TASK BRIEF:
Below is a set of records, and all of them should be retyped exactly, minus the pictures.

RECORDS FOR PROCESSING:
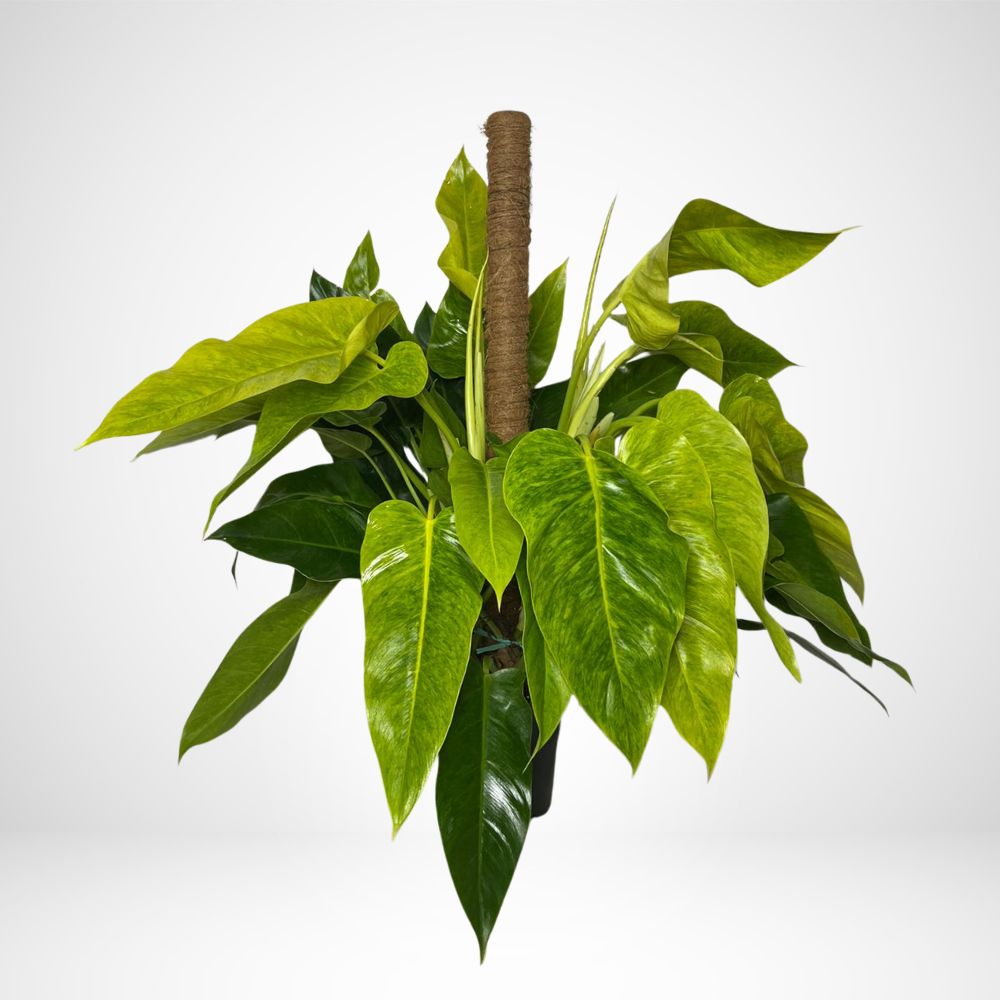 Philodendron Calkins Gold ø 21cm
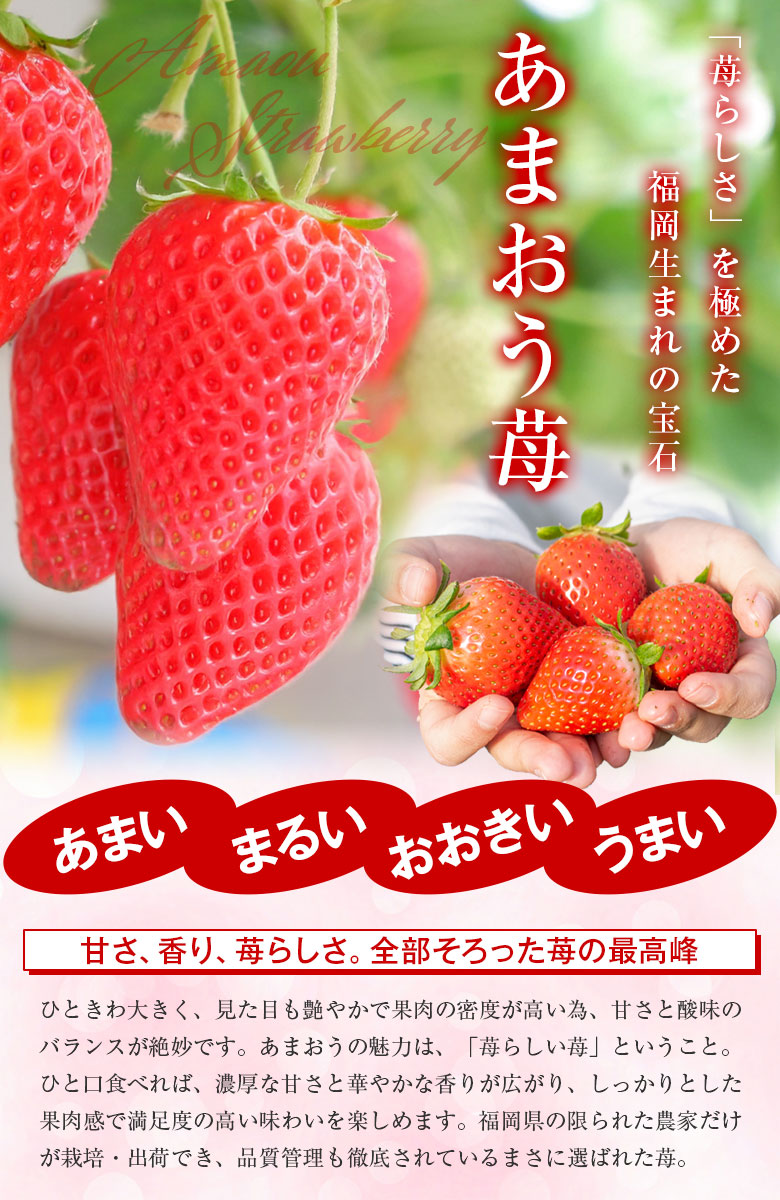 ヤマダモール | 【店頭販売入稿用】ギフト ゼリー 【夕張メロン・福岡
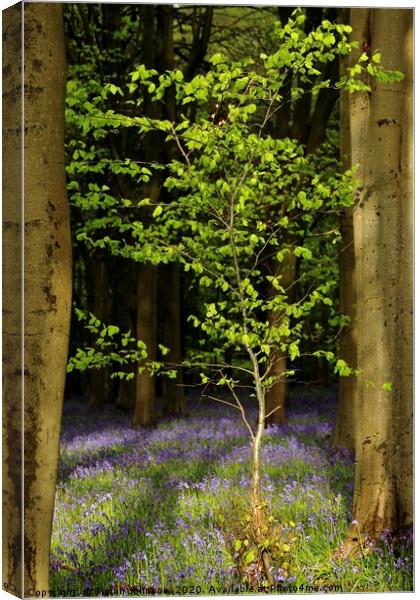 Bluebell wood and Beech tree Canvas Print by Simon Johnson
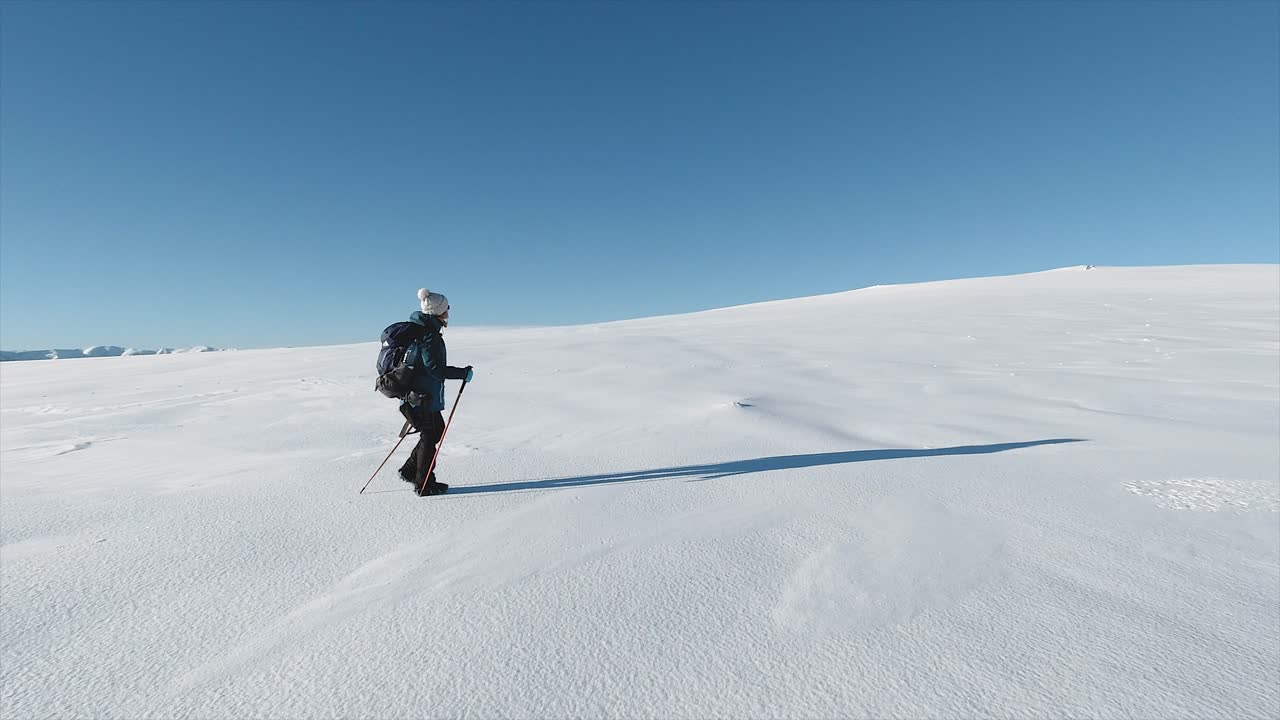 caminando de izquierda a derecha a lo largo de un paisaje nevado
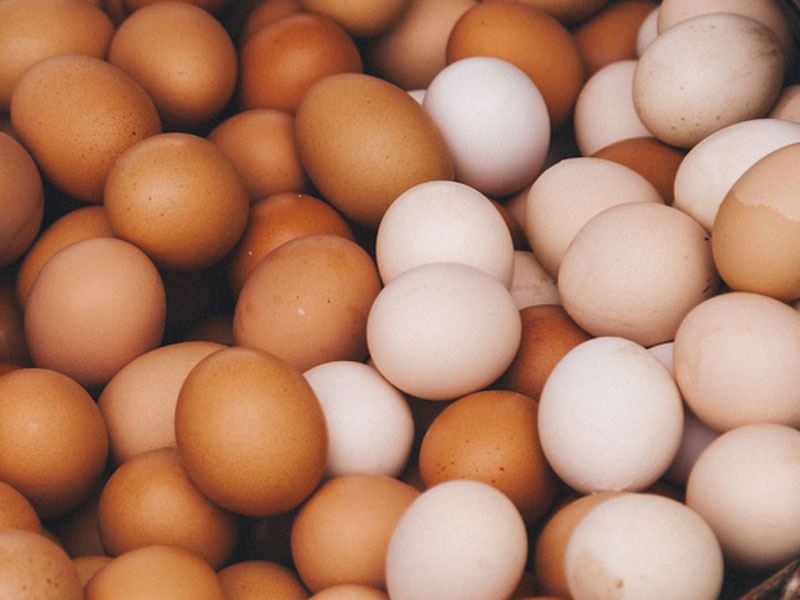 Yumurtaları Dondurmadan Önce Bilmeniz Gereken 10 İpucu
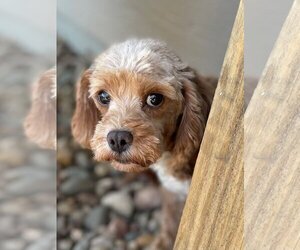 Cavapoo Dogs for adoption in Sioux Falls, SD, USA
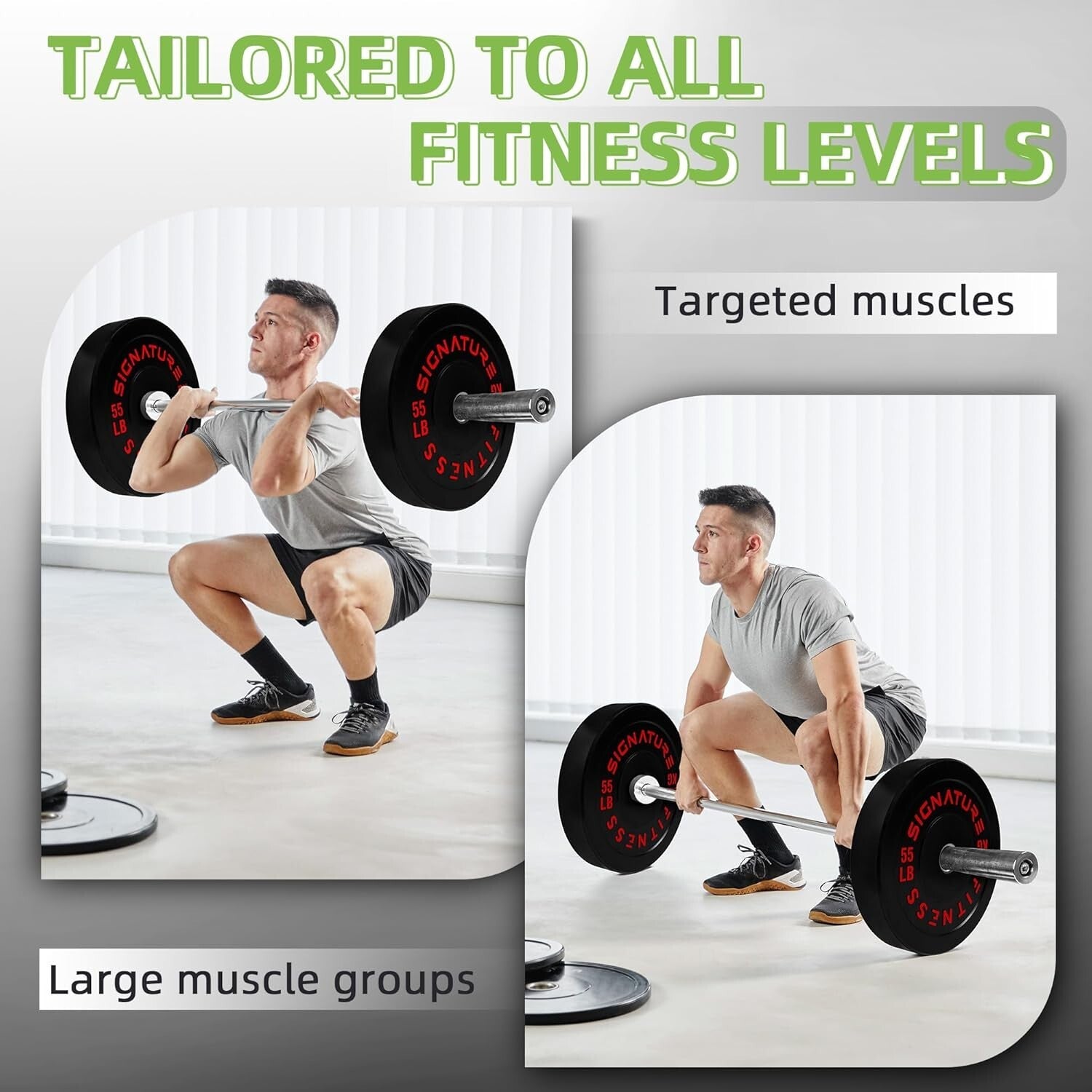 Multi-Weight Olympic Bumper Plates - Ideal for Strength & Endurance Training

OUTPUT FOR THIS TASK:
 Philodendron Calkins Gold ø 21cm
 ヤマダモール | 【店頭販売入稿用】ギフト ゼリー 【夕張メロン・福岡
 Bluebell wood and Beech tree Canvas Print by Simon Johnson
 caminando de izquierda a derecha a lo largo de un paisaje nevado
 Yumurtaları Dondurmadan Önce Bilmeniz Gereken 10 İpucu
 Cavapoo Dogs for adoption in Sioux Falls, SD, USA
 Multi-Weight Olympic Bumper Plates - Ideal for Strength & Endurance Training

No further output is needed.